The Unquenchable Fire

“Many waters cannot quench love, neither can the floods drown it.” (Song of Solomon, 8:7) The wise king had in his mind, no doubt, the love of his life, the beautiful bride known as the Shunamite woman, but his treatise on love causes any thoughtful heart to pause to ponder the love that surpasses all understanding.

Paul exhausts his mental, verbal and spiritual powers to extol the virtues of love in that majestic 13th chapter of First Corinthians, concluding with the exclamatory finale “Now abideth faith, hope and love, these three, but the greatest of these is love.”

The greatest of these is love!  How towering are the mountain peaks of faith where glimpses of glory shed light on the shadowy paths of our earthly pilgrimage.  And, what could be said of hope, the lifeline grasped by humankind swimming in the mire of these temporal miseries; and there is a strand of saving grace that when grasped by the desperate drowning soul yields hope and life and breath for another day.  Yet, “the greatest of these is love.”

Greatest because God is love, and the love of which both Solomon and the Apostle spake is divine and distinct from any earthly semblance of that which is often labeled, in common parlance, love.

Agape love, love that has its source and sphere in the heart of God and can only come from Him and then through us to others (I John 4:7-10).  It is love that is without deceitful dissimulation. (Romans 12:9) That is, it is genuine, because it is Godly.  It is without hypocrisy and without a vanishing veneer.  When one who possesses this kind of love says “I love you,” it is not simply a concluding conversational sign-off; it is a heartfelt, holy word of true devotion.

Love is without selfish motivation.  Much of what passes under the contemporary banner of love is motivated by personal pursuits and selfish interests.  Agape love does not wish another to succeed so that benefits will accrue to anyone other than the one loved.  If you love another unselfishly it will be with a true desire that your loved one will experience and enjoy the unimpeded, unparalleled, unmitigated goodness and grace of God just for His love’s sake.

Christlike love is without discrimination.  God so loved the world, an arid desert of sin in which there was “none righteous, no not one.”  His love is non-discriminatory.  He loves people of every tribe and tongue, every color and culture.  And, His love, shed abroad in our hearts by the Holy Spirit, will cause us to love those who are at times unlovely and apparently unlovable, without discrimination.

His love, working through us, will also be without qualification.  We love our foes and friends, through Christ.  “He drew a circle that shut me out; heretic, rebel, a thing to flout; but Love and I had a will to win; we drew a circle that took him in.” (Edwin Markham)

And, love is without temporal termination.  “To the last syllable of recorded time.”  “To the depth, and breadth, and height my soul can reach.”  “Till death do us part.”  It is agape love.  It has no limitation, nor will it have in time any termination.  It cannot fail.

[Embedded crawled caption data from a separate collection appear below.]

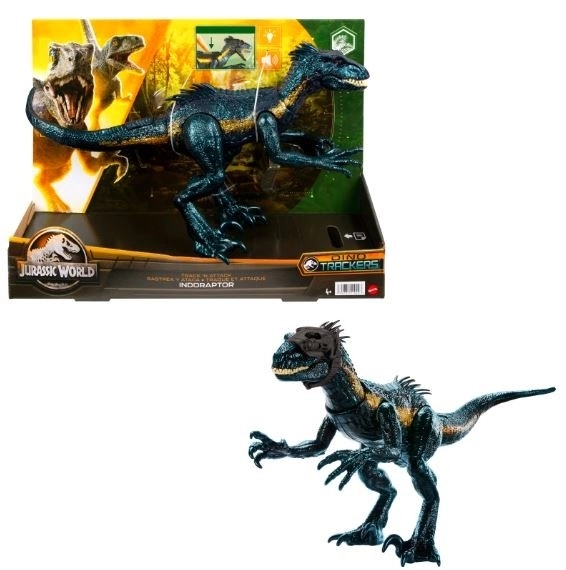 Aanvallende Indoraptor met Geluiden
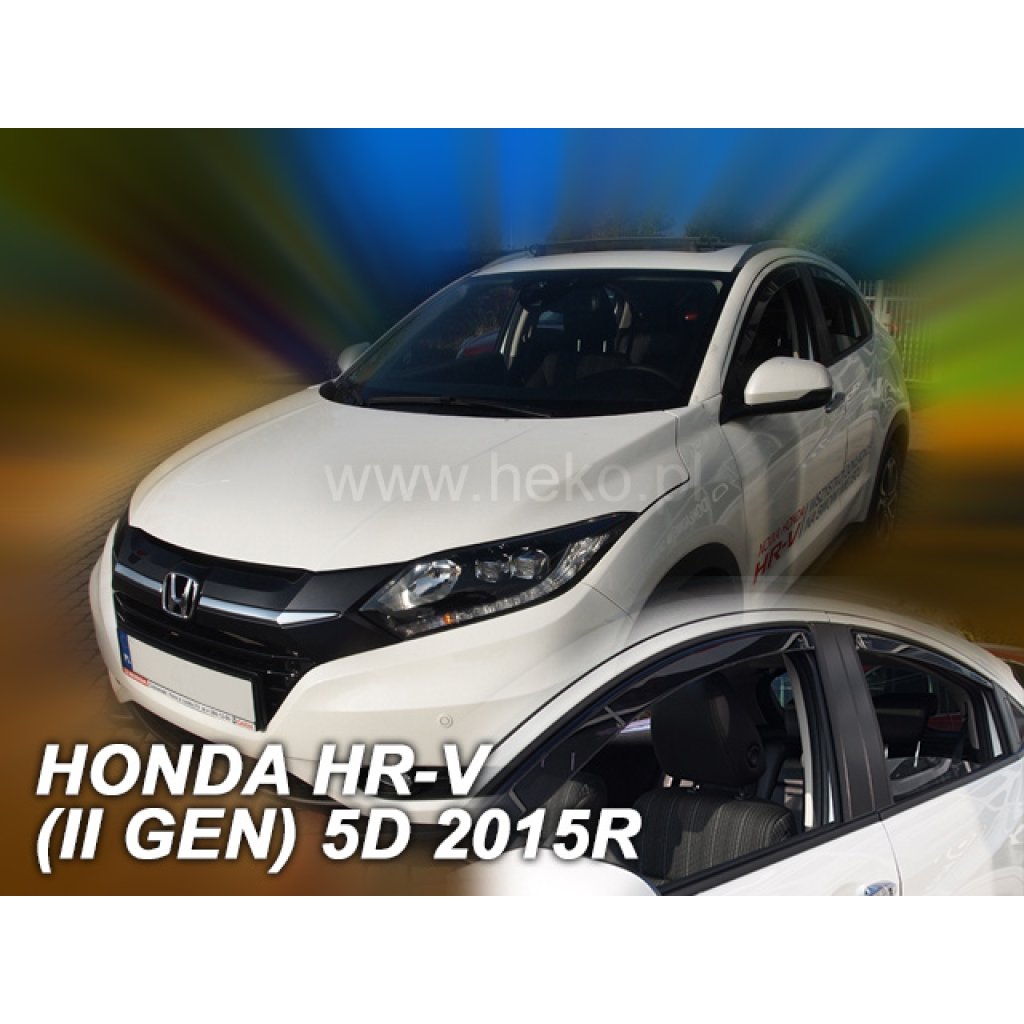 Ofuky oken Honda HR-V 5D 2015- přední + zadní | Heko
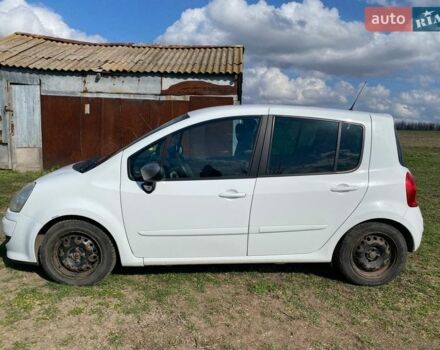 Белый Рено Модус, объемом двигателя 1.6 л и пробегом 148 тыс. км за 6700 $, фото 5 на Automoto.ua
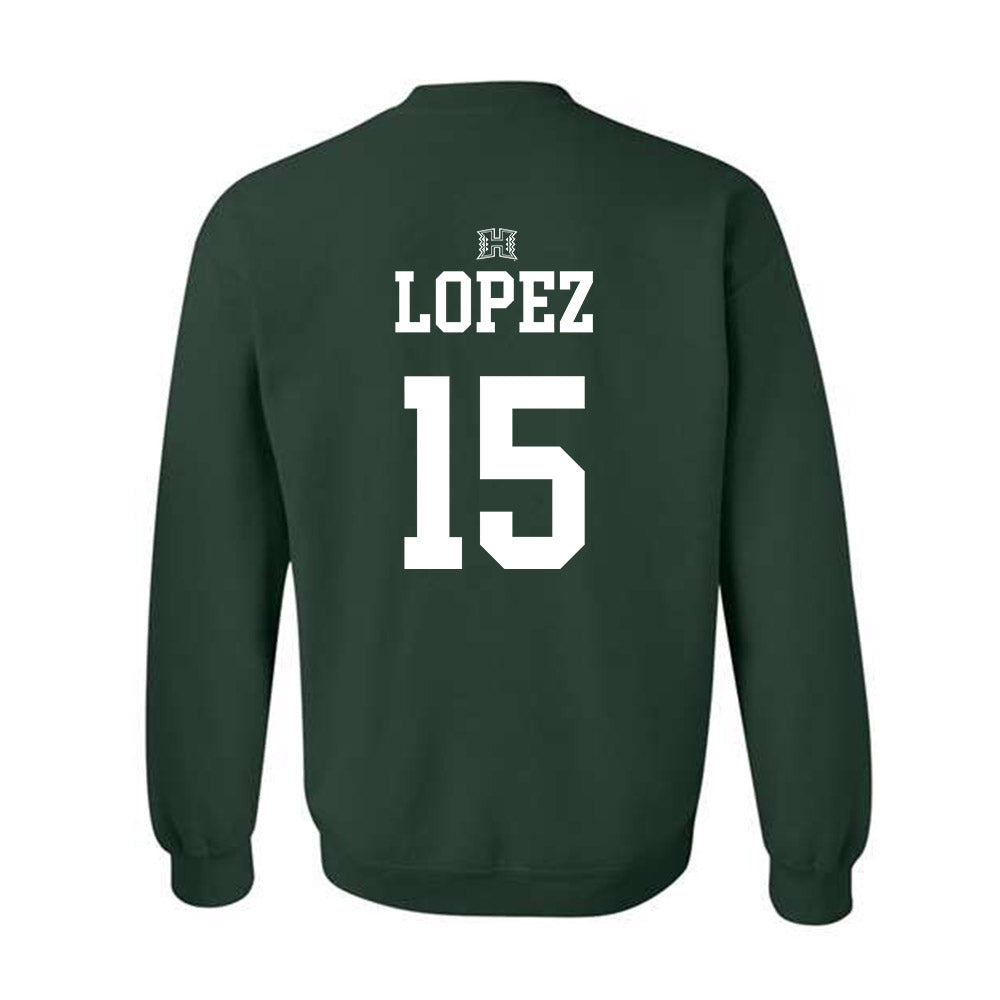 Hawaii - NCAA Women's Volleyball : Leilani Lopez - Classic Shersey Crewneck Sweatshirt-1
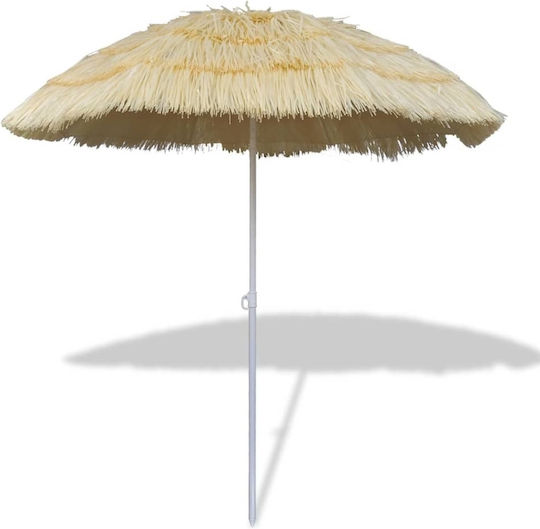 Professioneller Rundschreiben Geflecht Metall Hawaii Beiges Sonnenschirm Φ1.8m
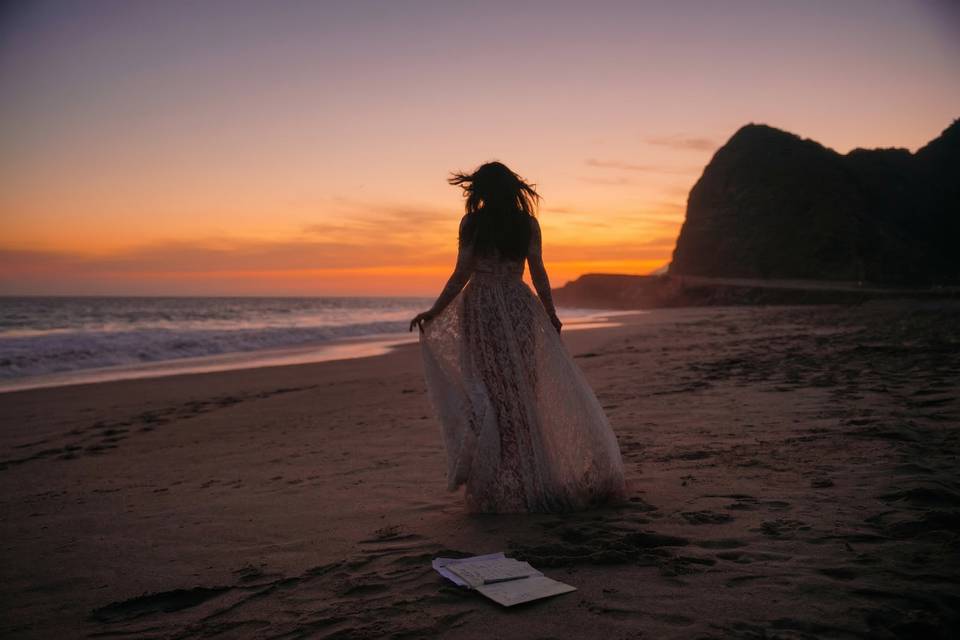 Cinematic bridal portrait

 Roy Croft said it well when he wrote:  “I love you, not only for what you are but for what I am when I am with you; not only for what you have made of yourself but for what you are making of me.  I love you for the part of me that you bring out…because you are making of the lumber of my life not a tavern but a temple out of the works of my every day.  Not a reproach but a song.  You have done it without a touch, without a word, without a sign; you have done it by being yourself….”

That’s what His love, flowing through us, will do to those with whom, in His providences, we have to do.